(Items from a data source)
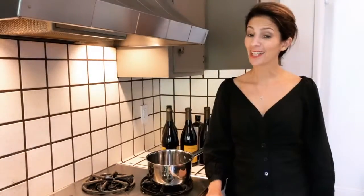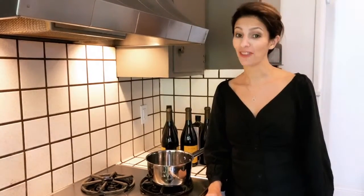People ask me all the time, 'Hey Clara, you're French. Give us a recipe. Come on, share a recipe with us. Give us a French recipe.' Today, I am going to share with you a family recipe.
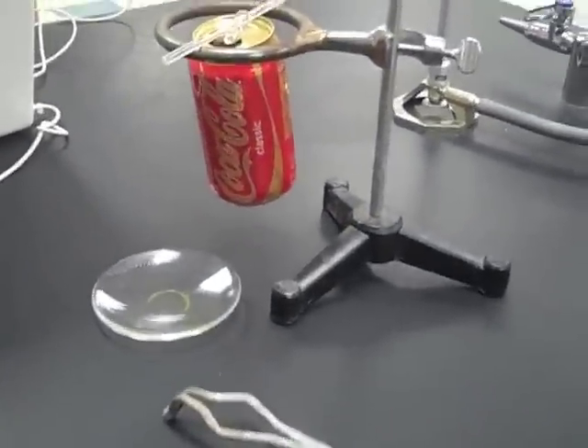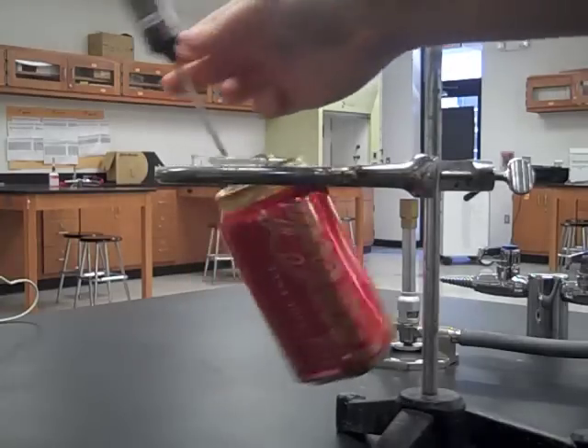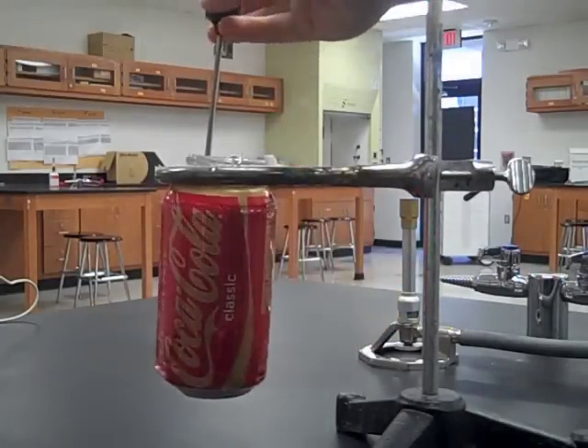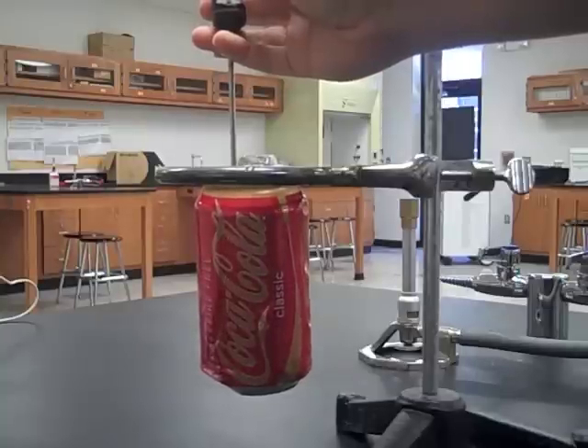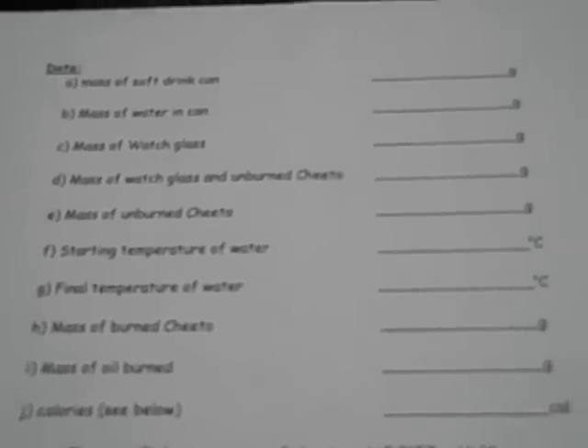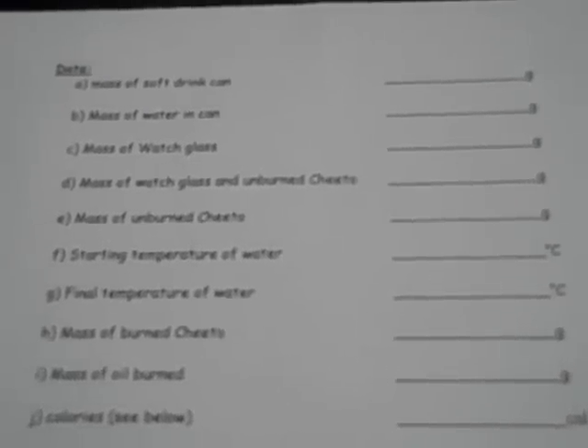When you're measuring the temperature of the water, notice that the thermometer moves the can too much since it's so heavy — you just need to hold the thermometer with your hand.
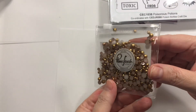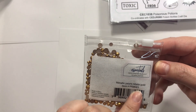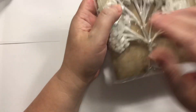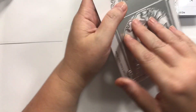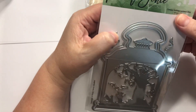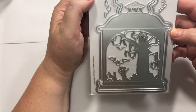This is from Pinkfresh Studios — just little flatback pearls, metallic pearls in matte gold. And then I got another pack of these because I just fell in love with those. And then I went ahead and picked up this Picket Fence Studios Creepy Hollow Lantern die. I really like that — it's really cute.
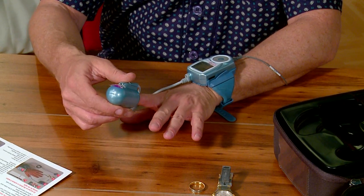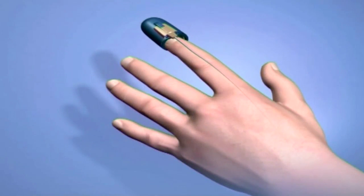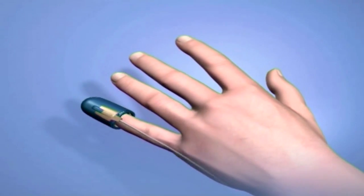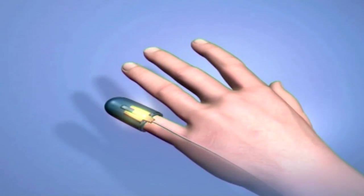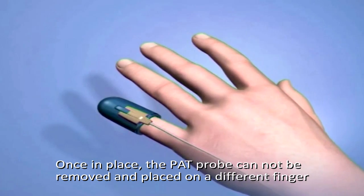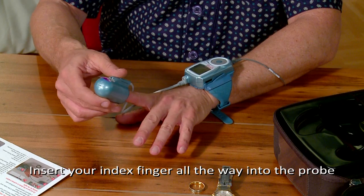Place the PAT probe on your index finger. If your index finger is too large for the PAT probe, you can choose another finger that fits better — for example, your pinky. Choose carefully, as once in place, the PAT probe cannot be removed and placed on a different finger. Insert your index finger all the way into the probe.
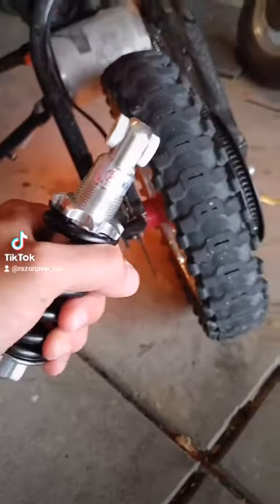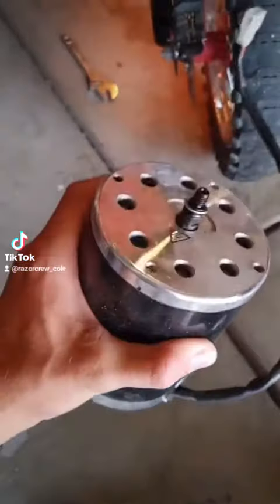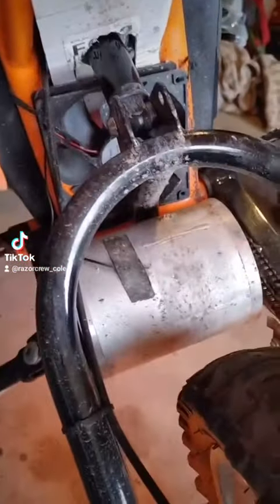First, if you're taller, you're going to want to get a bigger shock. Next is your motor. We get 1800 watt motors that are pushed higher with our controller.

...

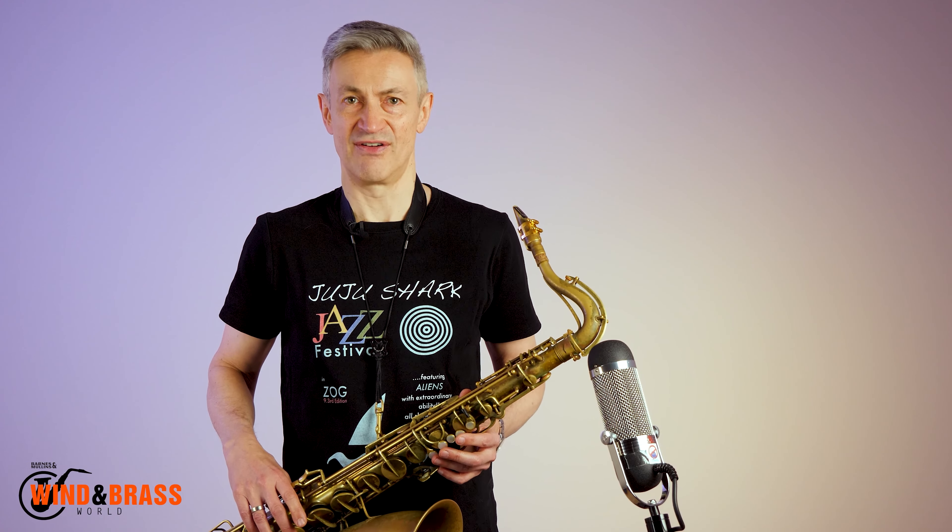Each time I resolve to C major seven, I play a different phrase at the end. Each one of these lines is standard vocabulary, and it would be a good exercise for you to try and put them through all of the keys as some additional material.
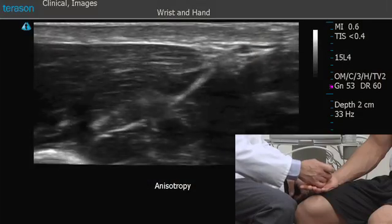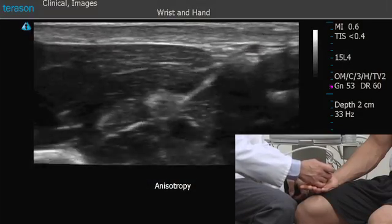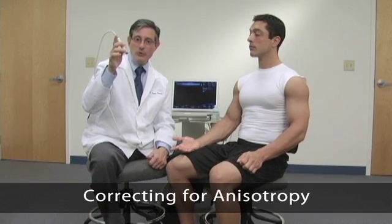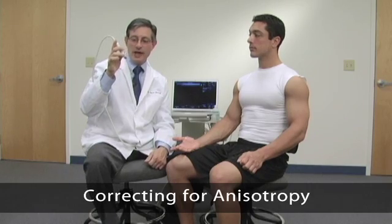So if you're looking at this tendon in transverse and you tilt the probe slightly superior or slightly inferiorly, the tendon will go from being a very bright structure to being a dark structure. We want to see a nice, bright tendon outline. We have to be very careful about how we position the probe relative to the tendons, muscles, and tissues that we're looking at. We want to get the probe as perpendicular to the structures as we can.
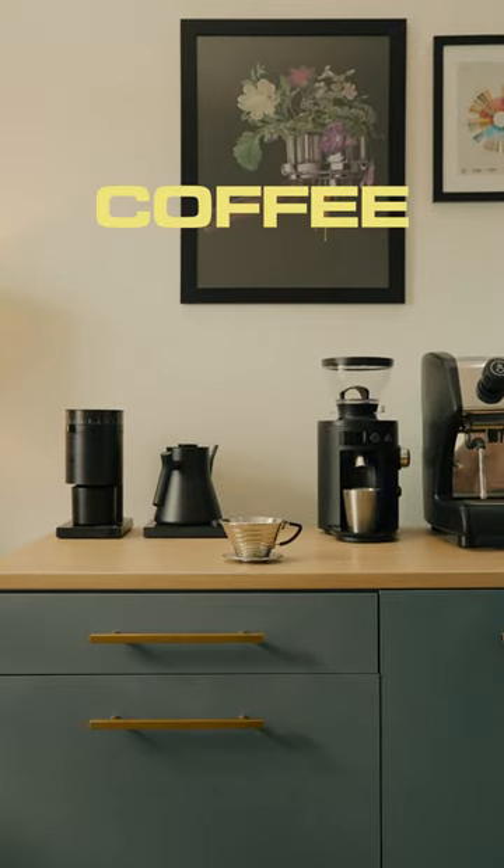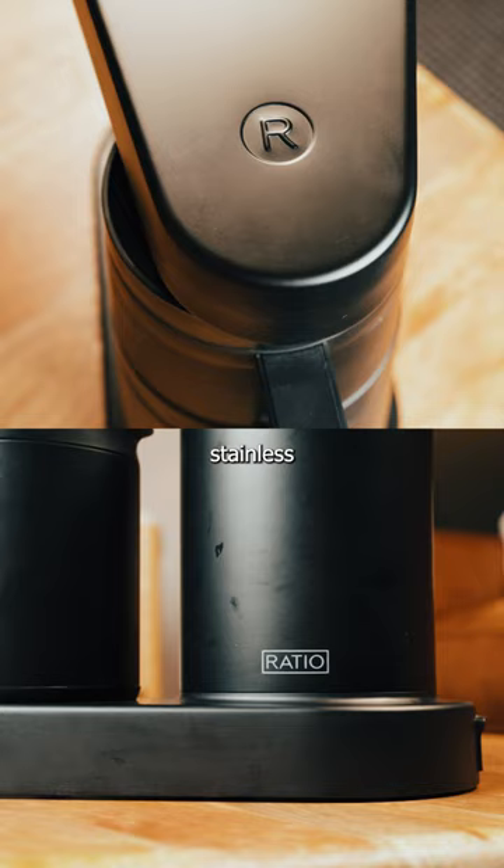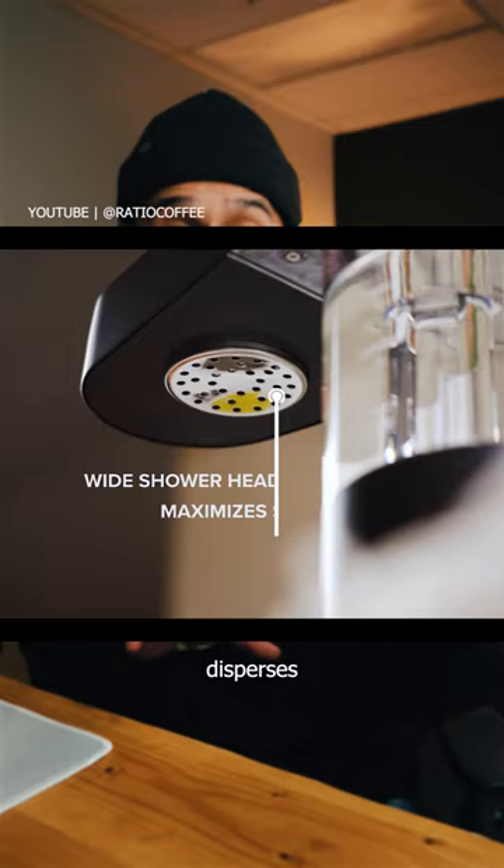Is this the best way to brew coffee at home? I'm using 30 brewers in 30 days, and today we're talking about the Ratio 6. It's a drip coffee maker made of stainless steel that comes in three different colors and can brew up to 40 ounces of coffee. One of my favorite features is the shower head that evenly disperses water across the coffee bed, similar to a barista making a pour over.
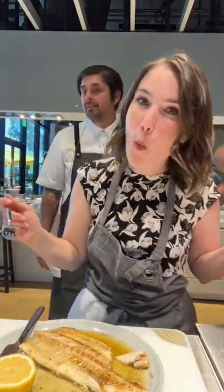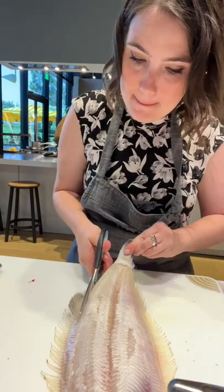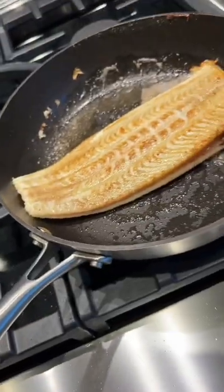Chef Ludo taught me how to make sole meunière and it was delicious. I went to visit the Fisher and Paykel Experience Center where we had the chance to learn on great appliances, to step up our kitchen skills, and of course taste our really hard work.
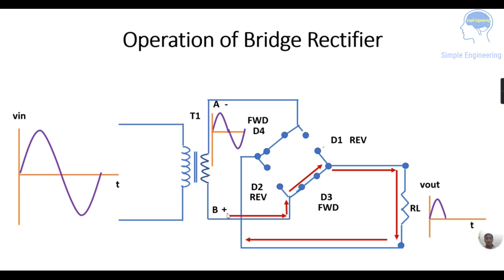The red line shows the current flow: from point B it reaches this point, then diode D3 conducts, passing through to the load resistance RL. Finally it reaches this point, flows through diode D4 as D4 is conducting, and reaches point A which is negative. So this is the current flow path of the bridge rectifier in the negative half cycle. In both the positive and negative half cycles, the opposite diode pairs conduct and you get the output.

Instructions to follow: Please output, exactly as written, the lines above from the one holding "This is from" through the one holding "First, if you're", both included, with the pictures omitted.

Solution below:
This is from Pinkfresh Studios — just little flatback pearls, metallic pearls in matte gold. And then I got another pack of these because I just fell in love with those. And then I went ahead and picked up this Picket Fence Studios Creepy Hollow Lantern die. I really like that — it's really cute.
Place the PAT probe on your index finger. If your index finger is too large for the PAT probe, you can choose another finger that fits better — for example, your pinky. Choose carefully, as once in place, the PAT probe cannot be removed and placed on a different finger. Insert your index finger all the way into the probe.
First, if you're taller, you're going to want to get a bigger shock. Next is your motor. We get 1800 watt motors that are pushed higher with our controller.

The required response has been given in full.